Dans un pays de 15 millions d’âmes, où le taux de bancarisation ne dépasse pas les 15%, jeter les bases d’un marché de la musique en se focalisant sur le système bancaire, c’est peine perdue. Ainsi, l’industrie du disque, si elle veut exister, devra s’appesantir sur le caractère prescriptif de ses acteurs pour attirer les annonceurs. En somme, il est nécessaire d’avoir un contact direct entre l’artiste et son public. Seulement, quand on est issu du milieu hip-hop, une musique sous la domination du mbalax et que le simple fait d’accéder aux cadres d’expression culturelle soit considéré comme une victoire, il faudra 2 fois plus d’effort pour se faire un nom. Et si on a la malchance d’être d’une des régions les plus pauvres d’un pays pauvre, autant dire que la mission est juste impossible.
Pourtant, 3 jeunes ont réussi ce pari. Brah, King Selmind et Jah Man, les membres du groupe Express de Diourbel, surfent depuis 2010 sur un succès qu’ils ont mis 10 ans à construire. En 2000, Brah et King Selmind, guidés par une passion débordante du rap, collaborent sur un morceau tout en évoluant chacun dans son groupe. A cette période, c’est juste une activité qu’il faut allier avec les études, mais rien de sérieux. C’est le début d’une longue histoire. Trois ans plus tard, le groupe s’agrandit. Jah Man le rejoint. C’est un apport de taille. Sa voix couplée aux textes hardcore de Brah et Selmind permet d’atteindre une cible beaucoup plus large. Le manque de moyens, conjugué à l’image du rap, une musique qui n’est pas la préférée des Sénégalais, contraint le groupe à faire 10 années d’underground. En 2010, le titre Sama baat est le tube de l’année. Il annonce l’album Ken démoul nu dess qui est sacré Album de l’année aux Tubes de l’année. La formule est simple pour Express : Sur une musique moderne, ils évoquent pour la plupart des thèmes accessibles. Les valeurs sénégalaises, le vivre ensemble et l’amour du prochain, voilà entre autres le message du groupe.
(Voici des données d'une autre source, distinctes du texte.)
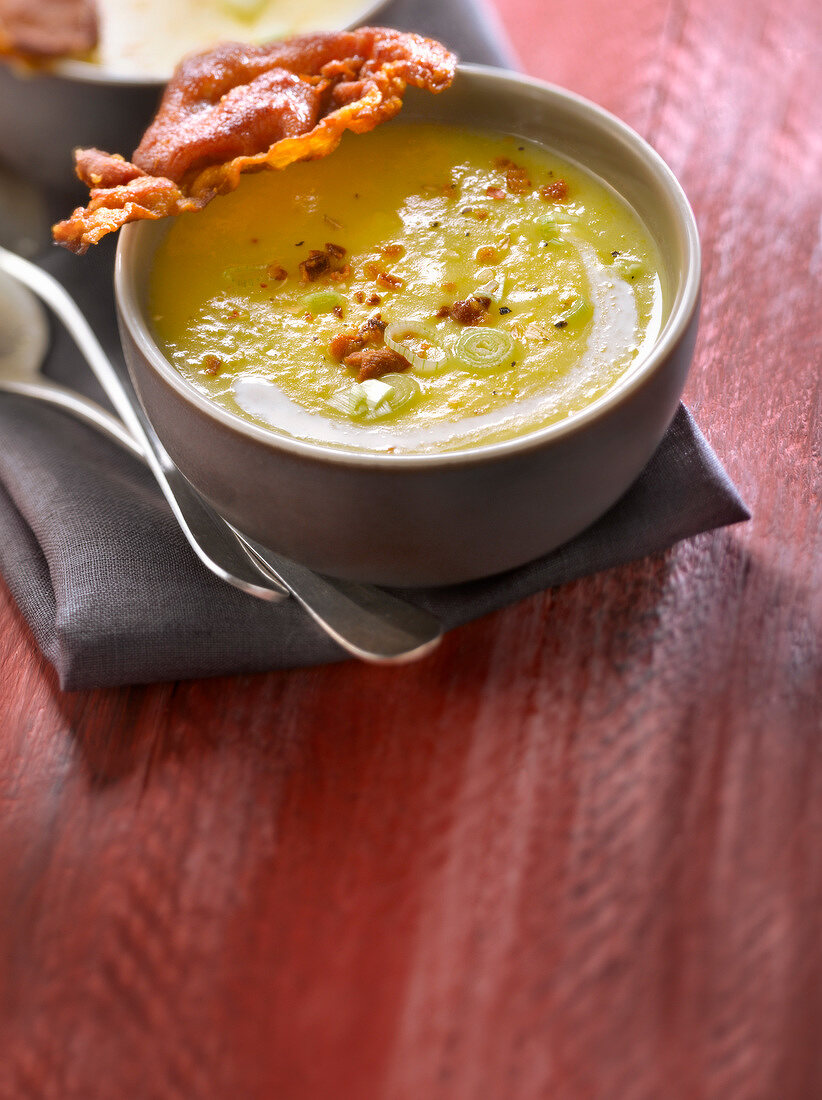 Salsify soup with crisp bacon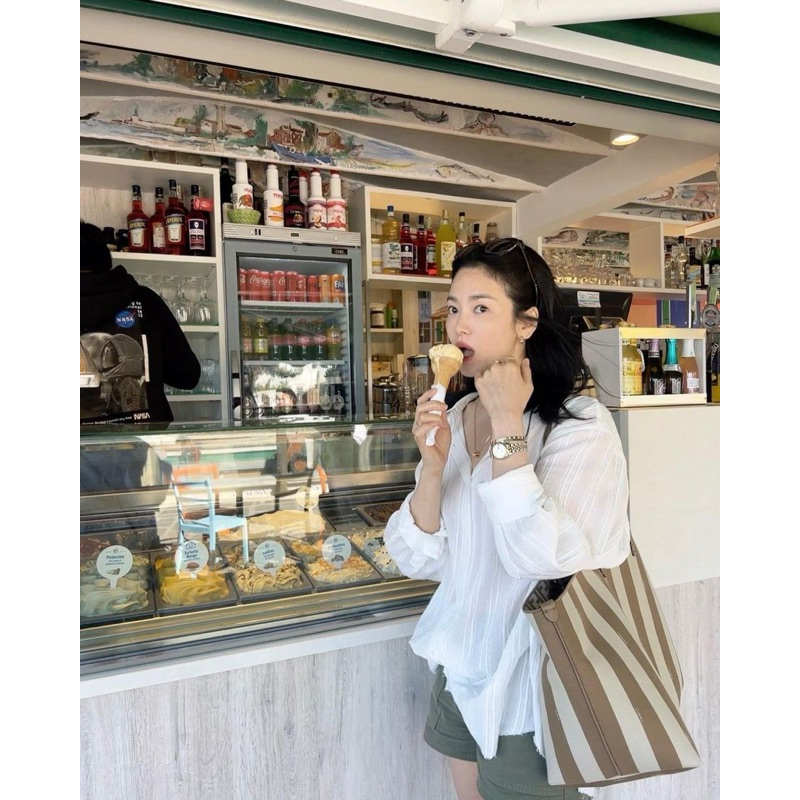 𝗣𝗲𝗻𝗻𝘆 𝗦𝘁𝘂𝗱𝗶𝗼】韓國moia透膚條紋襯衫✔️ 宋慧喬同款 𝗣𝗲𝗻𝗻𝘆 𝗦𝘁𝘂𝗱𝗶𝗼】韓國moia透膚條紋襯衫✔️ 宋慧喬同款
Loin des clichés du rap, Express affirme sa «sénégalité» dans un milieu de plus en plus tourné vers l’extérieur. Aux clashes, ils imposent un verbe soigné. «Les groupes de rap sénégalais qui tournent le plus dans le monde ne sont pas insolents.» Ce constat lucide de Brah donne un aperçu leur état d’esprit. Une clairvoyance qui va être récompensée du titre d’Album de l’année avec Biir ak biiti en 2014. C’est cette même année que le grand public découvre Express, avec le single Reer. Une invite au retour à la source agrémentée par la voix de Jah Man au refrain. Une belle réussite qui n’est pas sans conséquences. Jah Man est très sollicité au point de poser un débat sur la solidité du groupe. Et depuis lors, Express surfe sur cette vague de succès. Des pubs par-ci, des tournées internationales, des propositions de travail par-là, le groupe a l’embarras du choix.